The vast majority of the required changes consisted of updating upper bounds on our dependencies. Many packages needed to update their bounds on boot libraries like base or template-haskell. Often no actual changes were required to the library itself.

New exports from Prelude🔗

base-4.20 now exports foldl' from Prelude. This is a welcome change. It has been a footgun that other folds are exported from Prelude, but the one you want most of the time wasn’t.

This change led to many redundant import warnings in our project. Like many production codebases, we disallow warnings, so we had to amend many of our modules’ imports to no longer import foldl' from Data.Foldable or Data.List.

Changes like this make me wish for the ability to apply HLS code actions to an entire codebase. This would have been resolved by applying the “Remove redundant imports” action followed by a reformat.

Data.List.NonEmpty.unzip warning🔗

In base-4.20, Data.List.NonEmpty.unzip gained a new warning about future monomorphisation (See: CLC#86). We ended up disabling this warning globally by adding -Wno-x-data-list-nonempty-unzip to the ghc-options in all of our cabal files. We use a cabal-fmt common fragment, so this wasn’t much work for us.

DataKind warnings🔗

GHC-9.10 added some warnings to do with missing DataKind pragmas. Rather than resolving these individually, we ended up just enabling the DataKind extension globally in our all modules. This was made quite easy again by our use of a cabal-fmt common fragment.

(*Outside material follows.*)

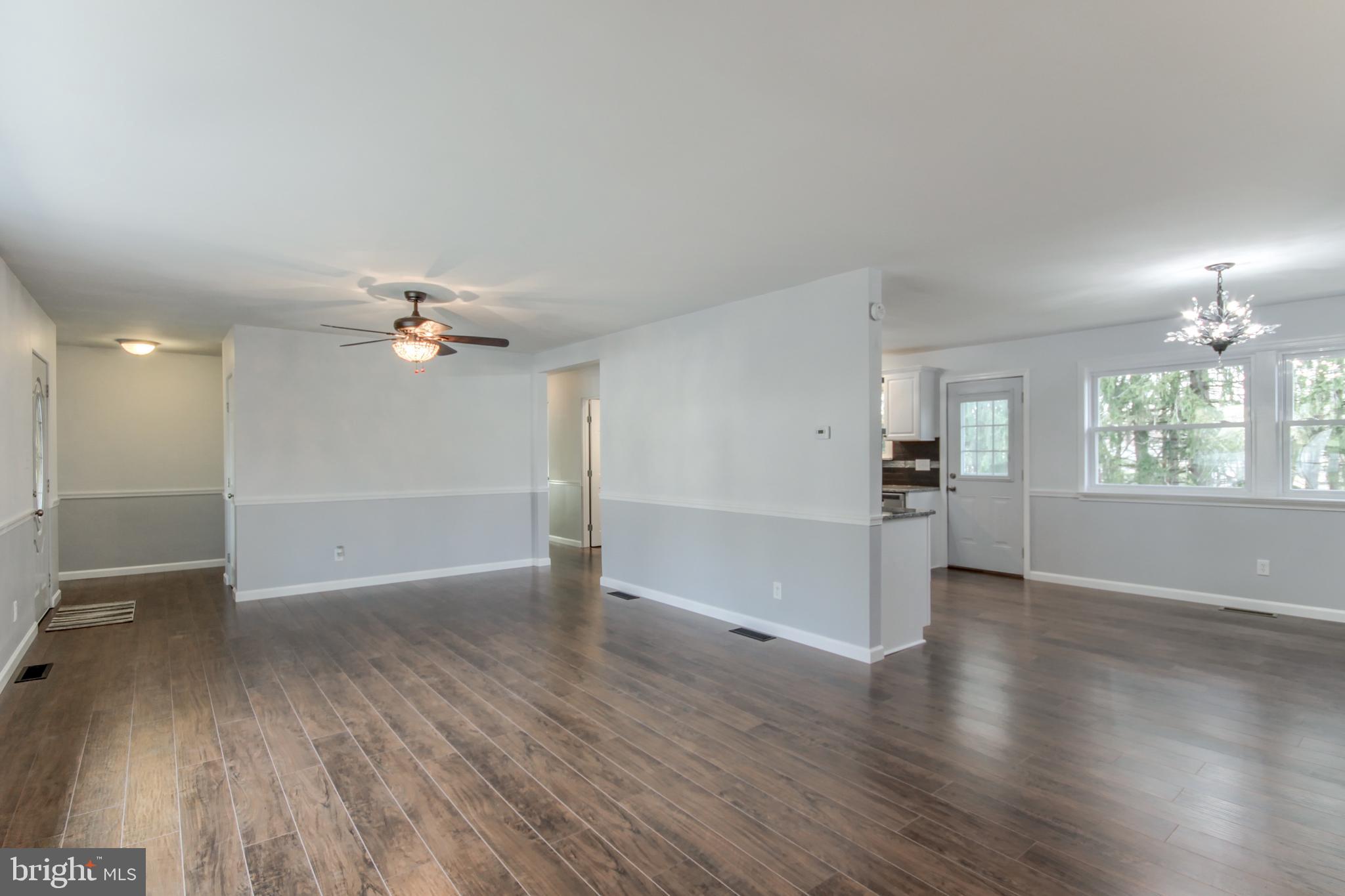 609 Boundbrook Road Harrisburg, PA 17109 - Photo 14 of 42 Living Room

Addition of Data.Text.show🔗

text-2.1.2 exported a new Data.Text.show identifier. Packages that didn’t import Data.Text qualified had to be updated to avoid errors from using show.

ghc-source-gen breakage🔗

The ghc-source-gen lets you generate Haskell code by using GHC’s own ASTs. By depending on GHC’s AST, you are always guaranteed to be producing valid syntax. On the other hand, depending on GHC internals means that it breaks almost every release and requires significant amounts of CPP. The package was fixed by Ian-Woo Kim in this PR.

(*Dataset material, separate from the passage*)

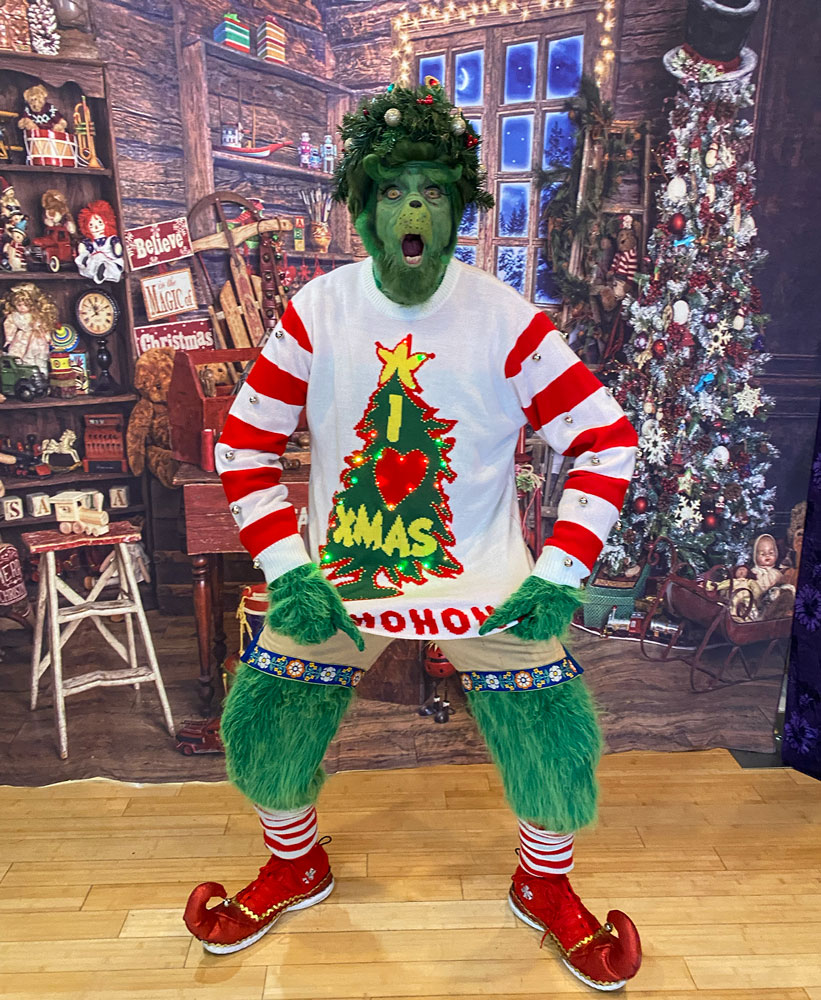 The infamous Grinch entertainer for your company holidayparty, family holiday gathering, Christmas party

Given that this package is likely to break in the future, the best approach might be to not depend on it if possible. For instance the popular proto-lens library makes use of this, and if the maintainers are willing then it would be great if we could rewrite its Haskell generation to not use ghc-source-gen. See proto-lens#512.

It has also been identified in the Facundo Domínguez’s GHC API stability work, and that might lead to some improvements.

HIE bug🔗

When upgrading weeder to use the new compiler, we discovered a bug in its parsing of HIE files. Zubin Duggal investigated and it turned out to be a bug in weeder’s usage of the HIE API rather than a bug in GHC.

Conclusion🔗

This was a relatively easy GHC upgrade. Most of the changes were minor and just had to do with imports.

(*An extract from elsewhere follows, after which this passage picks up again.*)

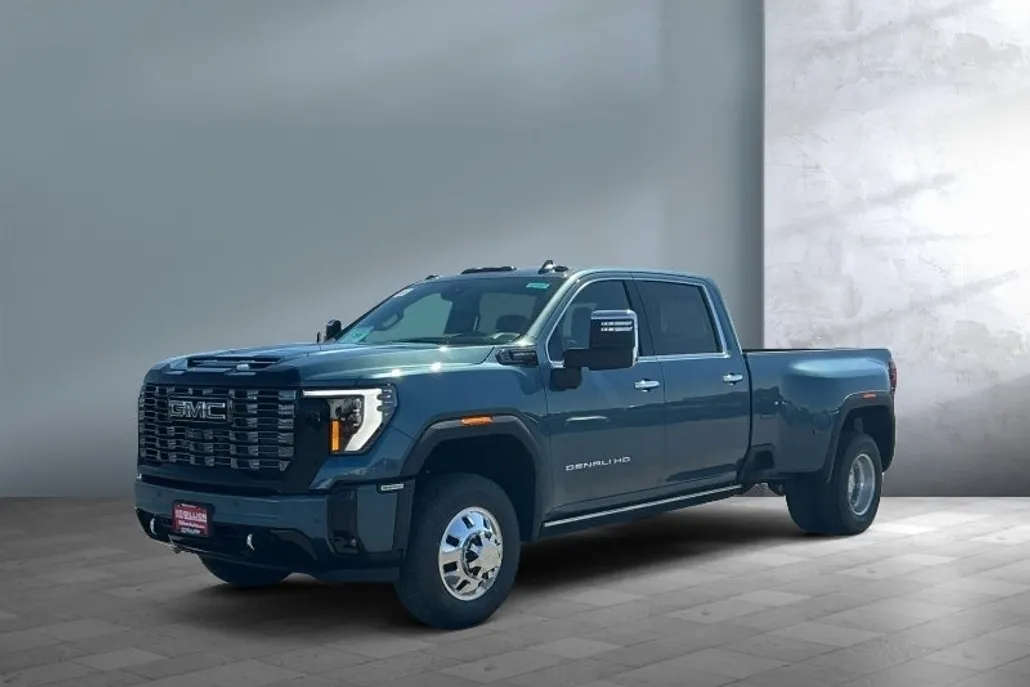 2025 Gmc Sierra 3500 HD Denali Ultimate photo 1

Before trying to upgrade to GHC-9.12, I will try to see if we can remove ghc-source-gen from our dependency closure. Any package like this which is tightly coupled to the GHC API is likely to need updating after every release. Reducing one’s dependency footprint and removing fragile package is often a good way to make future upgrades easier.

From some cursory attempts to get GHC-9.12 working, it sounds like that upgrade will be even easier.